Once upon a time, the American founding fathers needed to decide whether incorporating the will of the masses into their fledging government was a good idea. Looking to classical Greece and to Enlightenment philosophers, they decided it was. Still, all those lowly passions needed to be tempered by the wisdom of an elite few—what if people got to the capitol and just wanted to debate the rules of horseshoe all day?—so they opted for a representative democracy: Elections would allow the best and the brightest citizens to emerge. These great Americans—landowning gentlemen, ideally—would then go to Washington, DC, where they would exercise their superior, leisure-honed intellects on behalf of less able constituents.
Two and a half centuries later, this is working out really well for us. Our genius congressmen are tirelessly promoting the common good. A golden age of peace and unity is nigh. To spend three seconds reading about what’s happening/not happening these days in our nation’s capital is to be convinced: Elected politicians absolutely care about how their actions affect everyone else.
A provocative New York Times article this weekend investigates the theory that social power and empathy are inversely related. More and more studies are showing that powerful people pay less attention to others, especially those whom they perceive to have less status than they do. In one experiment, writer Daniel Goleman reports, strangers in a five-minute get-acquainted session showed “fewer signals of paying attention, like nodding or laughing” when they were paired with people from a lower class.
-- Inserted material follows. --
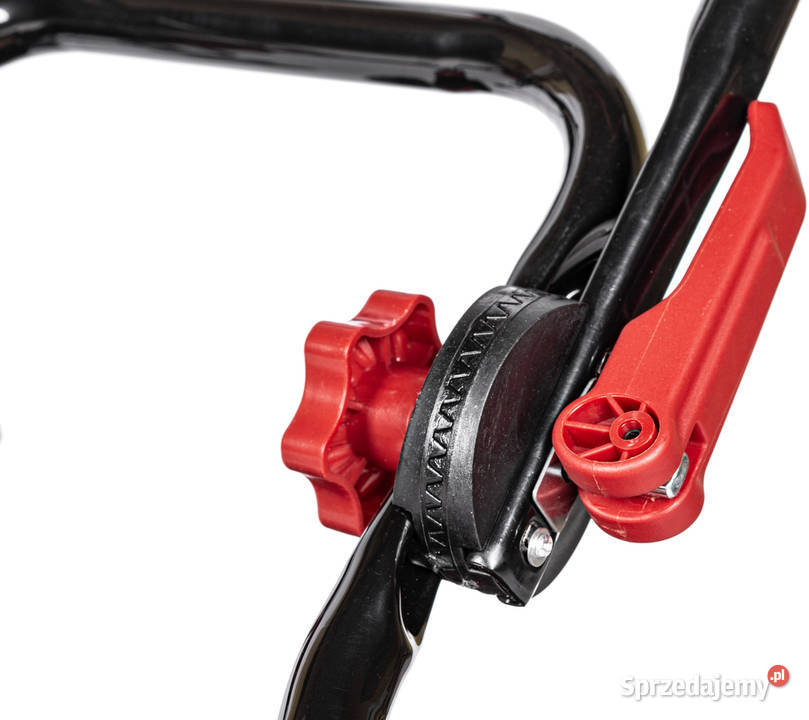 CEDRUS KE42 KOSIARKA ELEKTRYCZNA DO TRAWY SILNIK Opalenica sprzedam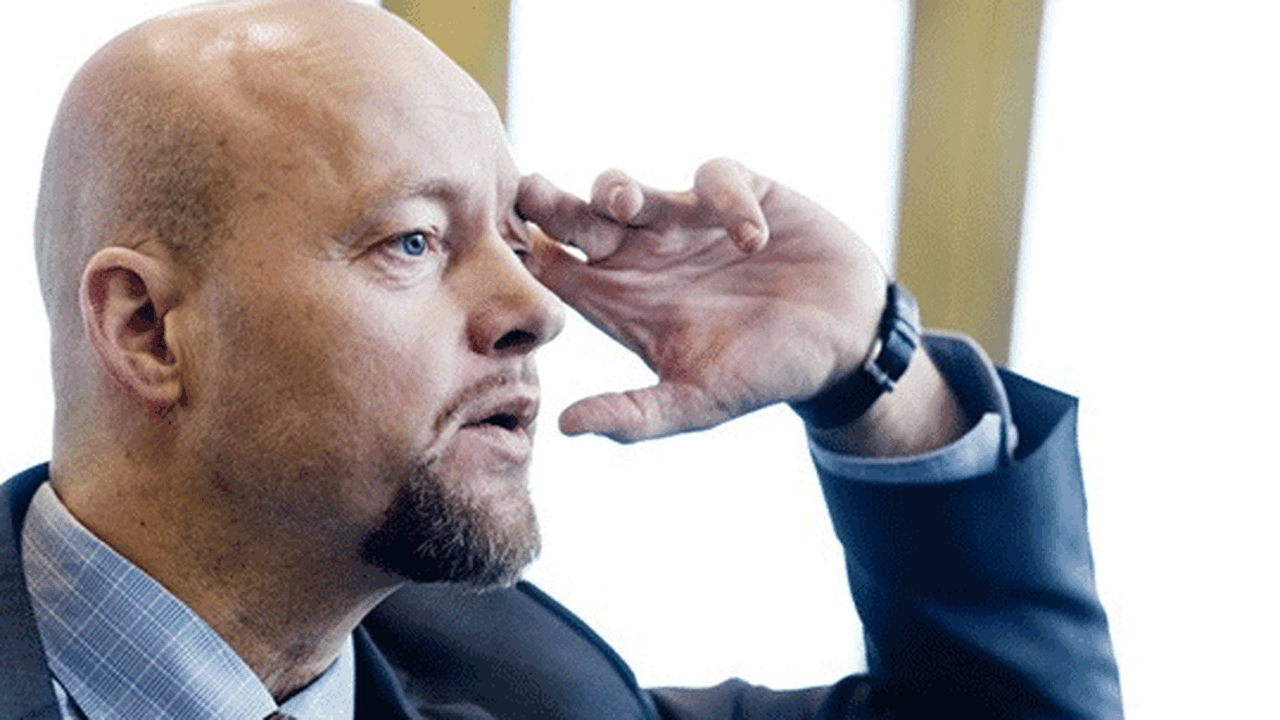 Norveç Varlık Fonu/Tangen: SVB’nin iflası nedeniyle büyük kayıp yaşadık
These top dogs were also more likely to hijack the conversation, gaze off into space, and interrupt their partners.
Simply paying attention, Goleman goes on to explain, is a “prerequisite to empathy.” If you don’t listen to the cab driver telling you his story of lost revenue due to the government shutdown, you probably can’t bring yourself to care. And in fact, a 2008 study determined that high power people express less overall compassion for others’ suffering, especially when the sad tales (of divorce, say, or a family member’s death) are relayed by the less influential.
On its face, the notion that “rich people just care less” seems all wrong. These folks should be enriched and broadened by their education, mellowed by the sunshine of the good life. They should be the “fit characters” envisioned by the founding fathers—perched sagely at the pinnacle of Maslow’s hierarchy of needs; indebted to the world; eager to give back.
The problem, Goleman says, is that interpersonal relationships mean something different to Mitt Romney and Al Gore than they do to Oliver Twist. Gore and Romney don’t need to rely on a friendly stranger to show them how to work the washing machine. But for Twist, every human being is valuable for the potential kindnesses he or she might show him, kindnesses that could substantially improve his life. So he pays more attention to other people. That attention, in turn, is likely to engender empathy.
So is this a fatal flaw in republican democracy? That those uplifted by status and power—in Hamilton’s words, “elevated from the mass of community by the suffrages of their fellow-citizens to stations of great pre-eminence”—lose the ability to stand in the shoes of the less fortunate? Hamilton recommended that we work around power’s corrupting influence by only electing men with “minds actuated by superior virtue,” which, well, yeah, that sounds great Alexander. Easy fix.